A properly designed system would be almost self-contained and could function indefinitely, the algae putting the oxygen back into the atmosphere as fast as the men took it out. The plant would in effect be a totally-enclosed scientific farm, providing food and purifying the air at the same time. 

31. Commencing Lunar Observatory.
It is difficult to over-estimate the value of the Moon as a site for astronomical observations. The virtual absence of an atmosphere means that infinitely clearer views of the heavens can be obtained than are ever possible on Earth. Our existing telescopes, if they could be transported to the Moon, could be used at ten-fold their present efficiency, and we would be able to study the stars and planets in radiations (such as the ultra-violet) which are of great importance but which are completely blocked by our own atmosphere. Visibility would always be perfect, and such mysteries as the canals of Mars could be solved with quite small telescopes. The Moon's slow rotation, which means that any given celestial body may be continuously visible for up to two weeks at a time, would also assist the astronomer in much of his work.

The Colonists

The events described in this section may still be a hundred years in the future even when the first spaceships touch-down on the Moon. [...] There can be no question that, if it proves worthwhile, the colonisation of the Moon and planets will be attempted. Most of the problems involved in such enterprises already lie within the range of present-day science, and when atomic power has been fully tamed we may expect our descendants to undertake projects of "planetary engineering" on a scale which would seem as fantastic as some of today's great irrigation schemes would have appeared to the men of the Middle Ages.

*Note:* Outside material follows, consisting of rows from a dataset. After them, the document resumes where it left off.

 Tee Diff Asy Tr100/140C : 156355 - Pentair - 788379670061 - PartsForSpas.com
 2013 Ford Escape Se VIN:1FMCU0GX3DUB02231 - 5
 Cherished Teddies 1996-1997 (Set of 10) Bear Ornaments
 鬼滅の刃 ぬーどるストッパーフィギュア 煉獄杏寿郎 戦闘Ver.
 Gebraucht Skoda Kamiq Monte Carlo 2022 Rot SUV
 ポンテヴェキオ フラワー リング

Though a good case can be made for setting up scientific bases on the Moon, it may seem unlikely that any really large settlements - any true "cities" - will ever be established there. The Moon may be bypassed as a colony, and the first major extra-terrestrial communities may be set up on Mars or Venus - where the engineering problems involved, though still severe, are less formidable. 

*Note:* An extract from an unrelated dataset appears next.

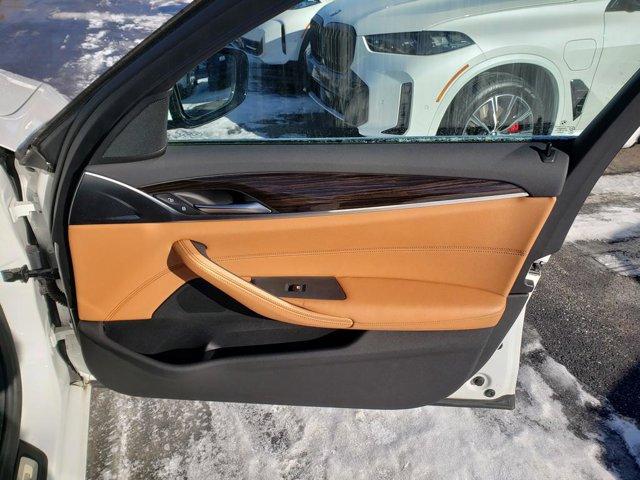 used 2022 BMW 530 car, priced at $28,749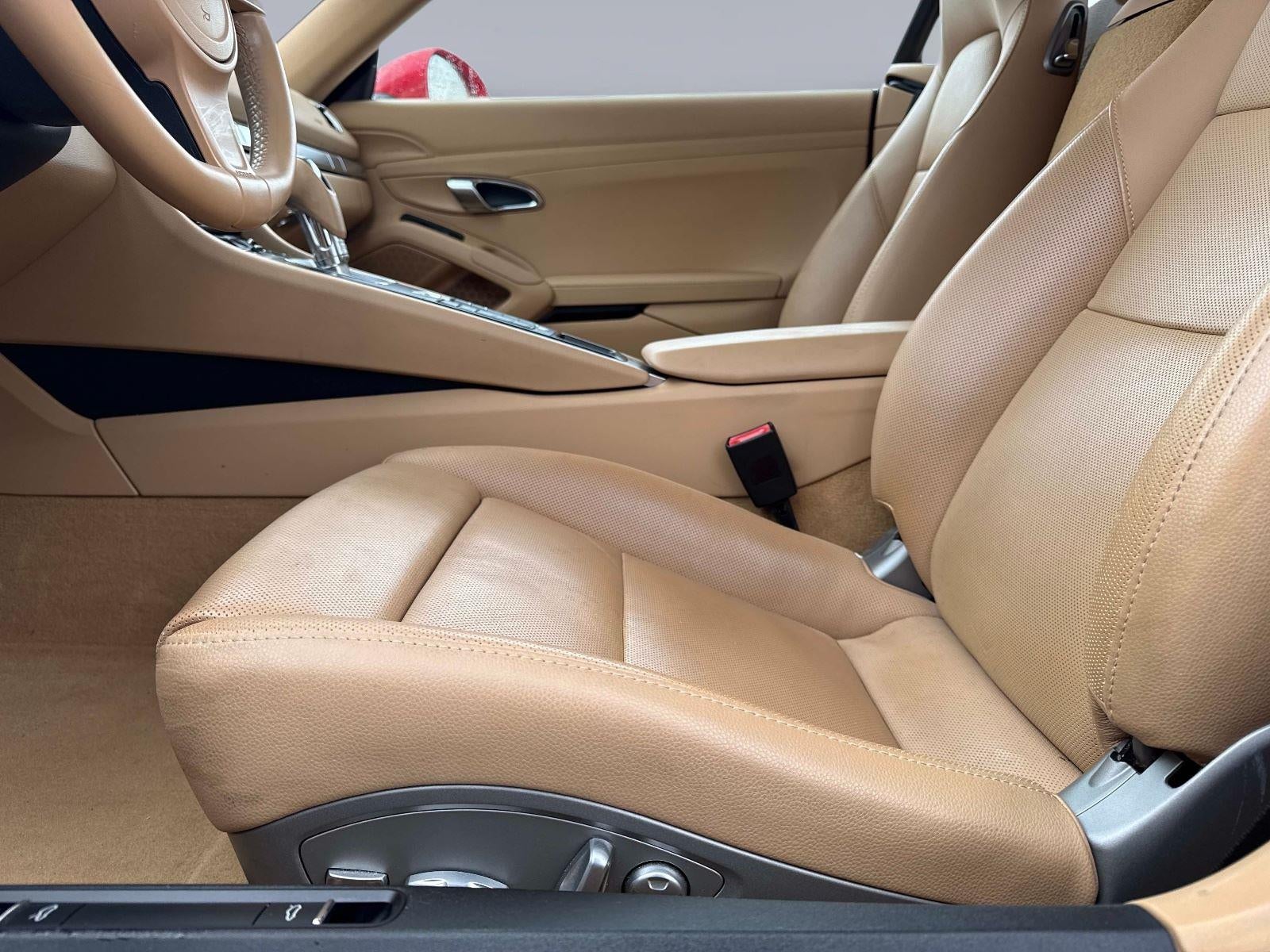 2016 Porsche Cayman S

Only the future can answer this question, but if our satellite offers anything which Earth cannot provide, then men will spread over the face of the Moon as they have done over the surface of this world. One such possibility - that of a greater life-span than on Earth - is mentioned in connexion with Plate 39; we can be sure that there will be many others.

Some writers have speculated that the story of the United States and Europe may be repeated when we cross space. The lunar colony, if it can become self-supporting, may grow in strength, power and prestige, while the influence of Earth may wane as it exhausts its resources and its most enterprising citizens head out to the planets. The analogy is attractive, but should not be forced. It would certainly be an ironic twist of fate if, some centuries from today, our planet is the poor relation of its rich and energetic satellite.

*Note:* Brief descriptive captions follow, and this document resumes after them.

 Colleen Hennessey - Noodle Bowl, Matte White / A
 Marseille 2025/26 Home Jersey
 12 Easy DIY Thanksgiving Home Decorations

Such ideas may seem fantastic. Of course they are: almost as fantastic, in fact, as New York City would have seemed to Christopher Columbus. 

32. Testing Nuclear Reactor.
Nuclear energy is the key to economical space-flight; it is probably true to say that until we can harness the atom to drive our spaceships, interplanetary travel will remain nothing more than a fabulously expensive scientific stunt. [...] Today's atomic reactors, or "piles," can supply unlimited amounts of energy in the form of heat and radiation, but harnessing that energy for propulsion will be an extremely difficult problem. In empty space, propulsion can be obtained only by the reaction, or rocket, principle. Mass has to be ejected in one direction to produce a recoil in the other.

Many preliminary attempts have been made to design an atomic rocket, and it seems probable that these will eventually succeed. The most promising line of development is the so-called "ion rocket." This would be a type of rocket working not by heat but by electrical energy. Powerful electric fields would accelerate charged particles in precisely the same manner as the electron-gun in the ordinary TV cathode-ray-tube squirts its beam of electrons at the screen. The recoil of these escaping particles would drive the spaceship forward.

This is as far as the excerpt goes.